**Records supplied:**
======

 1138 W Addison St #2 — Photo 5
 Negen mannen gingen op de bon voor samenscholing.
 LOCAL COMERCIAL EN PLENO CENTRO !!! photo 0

======

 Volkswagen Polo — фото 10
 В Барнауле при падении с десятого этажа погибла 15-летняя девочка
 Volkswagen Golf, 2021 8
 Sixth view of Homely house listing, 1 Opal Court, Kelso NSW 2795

======

**Aim of the exercise:** From the material above, set down exactly the lines between the line holding "В Барнауле при" and the line holding "Sixth view of", inclusive. Include nothing else.

**Result of the exercise:**
 В Барнауле при падении с десятого этажа погибла 15-летняя девочка
 Volkswagen Golf, 2021 8
 Sixth view of Homely house listing, 1 Opal Court, Kelso NSW 2795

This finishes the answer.